- DATA SUPPLIED

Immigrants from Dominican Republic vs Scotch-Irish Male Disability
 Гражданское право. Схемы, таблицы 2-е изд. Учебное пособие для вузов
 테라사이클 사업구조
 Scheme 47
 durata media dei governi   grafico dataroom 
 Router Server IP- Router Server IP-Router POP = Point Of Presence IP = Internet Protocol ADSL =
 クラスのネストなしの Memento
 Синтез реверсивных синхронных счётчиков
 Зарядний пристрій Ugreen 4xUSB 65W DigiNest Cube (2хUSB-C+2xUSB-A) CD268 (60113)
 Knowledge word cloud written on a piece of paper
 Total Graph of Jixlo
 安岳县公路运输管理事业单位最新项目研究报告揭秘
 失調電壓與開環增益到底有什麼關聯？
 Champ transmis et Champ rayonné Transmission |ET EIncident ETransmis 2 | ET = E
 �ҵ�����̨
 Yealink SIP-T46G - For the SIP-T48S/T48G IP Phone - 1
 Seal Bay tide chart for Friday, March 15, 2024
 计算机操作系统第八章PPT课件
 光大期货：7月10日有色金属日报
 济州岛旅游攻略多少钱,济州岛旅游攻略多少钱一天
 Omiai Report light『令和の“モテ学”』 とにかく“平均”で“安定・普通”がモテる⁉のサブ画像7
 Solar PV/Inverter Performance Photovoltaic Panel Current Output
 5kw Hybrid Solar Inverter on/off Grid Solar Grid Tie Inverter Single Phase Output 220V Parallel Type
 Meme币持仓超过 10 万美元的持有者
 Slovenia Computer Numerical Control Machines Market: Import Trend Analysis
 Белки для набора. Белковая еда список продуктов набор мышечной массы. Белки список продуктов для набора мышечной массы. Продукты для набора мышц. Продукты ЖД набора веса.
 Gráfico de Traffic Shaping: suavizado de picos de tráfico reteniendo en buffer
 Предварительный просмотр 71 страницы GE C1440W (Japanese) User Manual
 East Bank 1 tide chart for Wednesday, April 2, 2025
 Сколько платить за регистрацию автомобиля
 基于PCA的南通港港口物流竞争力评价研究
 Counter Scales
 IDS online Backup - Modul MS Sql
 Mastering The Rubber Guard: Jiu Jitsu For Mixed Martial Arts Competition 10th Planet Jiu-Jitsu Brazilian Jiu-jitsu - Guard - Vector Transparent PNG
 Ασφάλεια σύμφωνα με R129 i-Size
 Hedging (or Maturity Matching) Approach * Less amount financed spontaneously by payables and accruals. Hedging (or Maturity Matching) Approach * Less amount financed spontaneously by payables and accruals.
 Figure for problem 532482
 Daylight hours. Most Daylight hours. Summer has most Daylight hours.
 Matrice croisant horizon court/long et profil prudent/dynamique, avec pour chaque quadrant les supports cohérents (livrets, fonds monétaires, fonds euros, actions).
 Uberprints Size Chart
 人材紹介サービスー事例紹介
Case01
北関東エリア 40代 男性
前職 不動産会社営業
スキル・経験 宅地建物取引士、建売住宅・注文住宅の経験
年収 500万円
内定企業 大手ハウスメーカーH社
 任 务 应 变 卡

- TASK DESCRIPTION
Going back over the entries above, copy word for word every line from the one that has "Total Graph of Jixlo" on through the one that has "Meme币持仓超过 10 万美元的持有者".

- OUTPUT OF THE EXERCISE
 Total Graph of Jixlo
 安岳县公路运输管理事业单位最新项目研究报告揭秘
 失調電壓與開環增益到底有什麼關聯？
 Champ transmis et Champ rayonné Transmission |ET EIncident ETransmis 2 | ET = E
 �ҵ�����̨
 Yealink SIP-T46G - For the SIP-T48S/T48G IP Phone - 1
 Seal Bay tide chart for Friday, March 15, 2024
 计算机操作系统第八章PPT课件
 光大期货：7月10日有色金属日报
 济州岛旅游攻略多少钱,济州岛旅游攻略多少钱一天
 Omiai Report light『令和の“モテ学”』 とにかく“平均”で“安定・普通”がモテる⁉のサブ画像7
 Solar PV/Inverter Performance Photovoltaic Panel Current Output
 5kw Hybrid Solar Inverter on/off Grid Solar Grid Tie Inverter Single Phase Output 220V Parallel Type
 Meme币持仓超过 10 万美元的持有者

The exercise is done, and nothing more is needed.